Murkowski met with Thune shortly after 3 a.m. on Tuesday in his office off the floor as her vote remained in doubt. She also subsequently had long conversations with Majority Whip John Barrasso, who escorted her around the Capitol, including to the votes that ultimately led to passage of the bill. At one point, while she was negotiating, Sen. Thom Tillis, who announced he was retiring after coming under fire for his criticism of the bill, was perched by her left shoulder.

Amid the overnight drama — as Trump’s bill appeared to be headed for failure — Sen. Ron Johnson (R-Wis.) summed up how many of his colleagues privately viewed leadership’s decision as “coming down between Lisa and Rand,” referring to the Kentucky Republican senator.

Thune acknowledged in a brief interview that he had flirted with pursuing Paul’s vote when it seemed that Murkowski might be slipping away, adding: "We had multiple strategies in place."

Holding out clearly paid some dividends for Murkowski.

In one case, the parliamentarian OK’d a provision that allows for Alaska, Hawaii and several other states to temporarily escape higher costs for SNAP, the food assistance program for the poor, if certain conditions are met.
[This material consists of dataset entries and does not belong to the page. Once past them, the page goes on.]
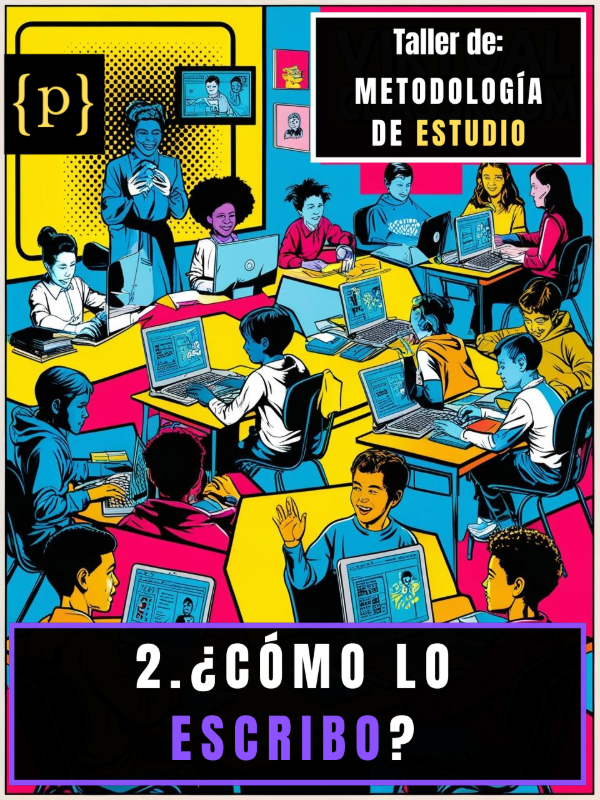 Producto - Cómo lo ESCRIBO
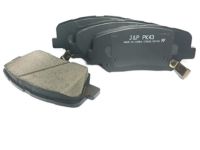Hyundai Santa Fe Brake Pad Set - 58101-0WA10 Front Brake Pad Kit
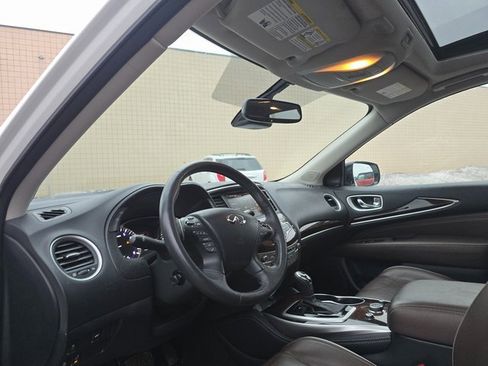 Used 2019 INFINITI QX60 Luxe w/ Sensory Package image 10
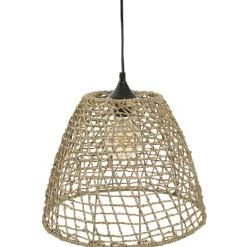 Atmosphera Suspension Cone Jada D.35X28.5Cm- Lustres Et Suspensions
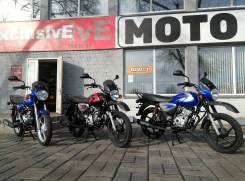Bajaj Boxer BM 150 X. 125 куб. см., исправен, птс, без пробега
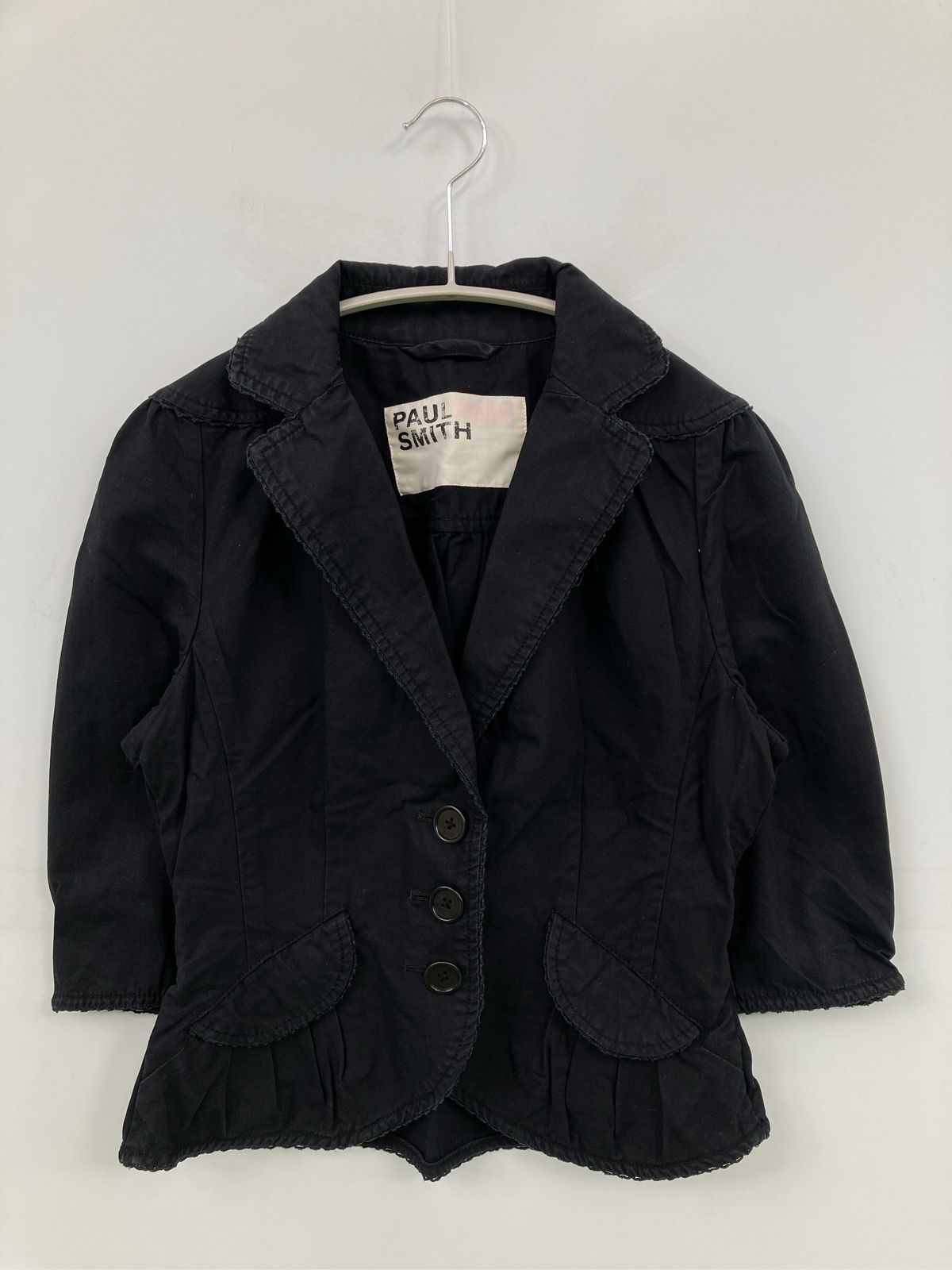 レディース Paul Smith ポールスミス テーラードジャケット 40 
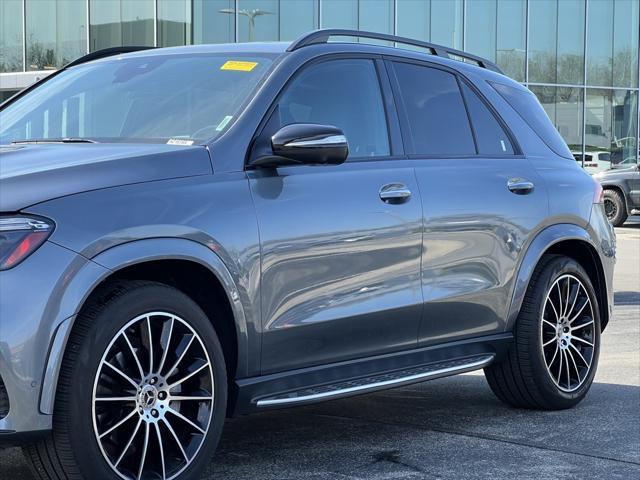used 2022 Mercedes-Benz GLE 350 car, priced at $43,300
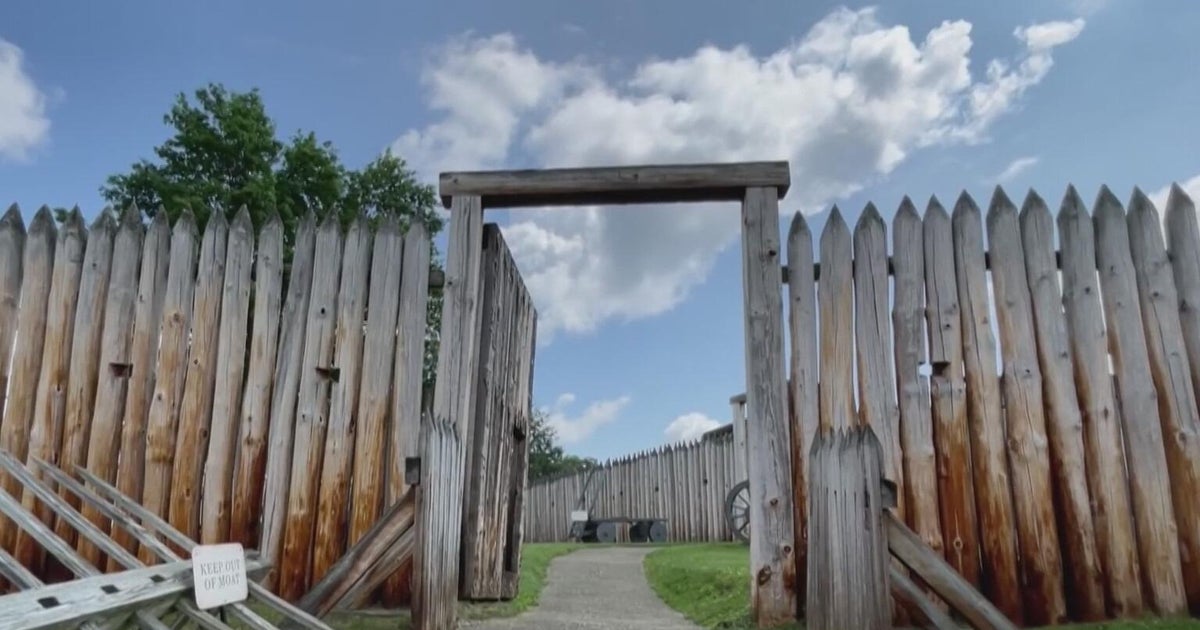 "Young Washington" brings Hollywood spotlight to western Pennsylvania history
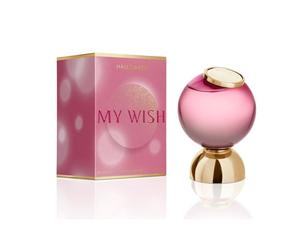 ¡58% DTO! My Wish Eau de Parfum para Mujer 100 ml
And as part of Senate Republicans' sweeping final amendment to the bill that was part of the overnight negotiations, they removed a controversial tax on solar and wind energy projects that Murkowski and a handful of other Republicans were agitating to be removed.

Another goodie bordered on the obscure, if not for the senator: Bowhead whaling boat captains recognized by the Alaska Eskimo Whaling Commission will be able to deduct more for whale-hunting-related expenses, up to $50,000 from the current $10,000.

Murkowski “is somebody who studies the issues really, really hard and well,” Thune said. “I'm just grateful that at the end of the day she concluded what the rest of us did ... which is that it was the right direction for the future of our country."

Lisa Kashinsky, Benjamin Guggenheim and Nicholas Wu contributed to this report.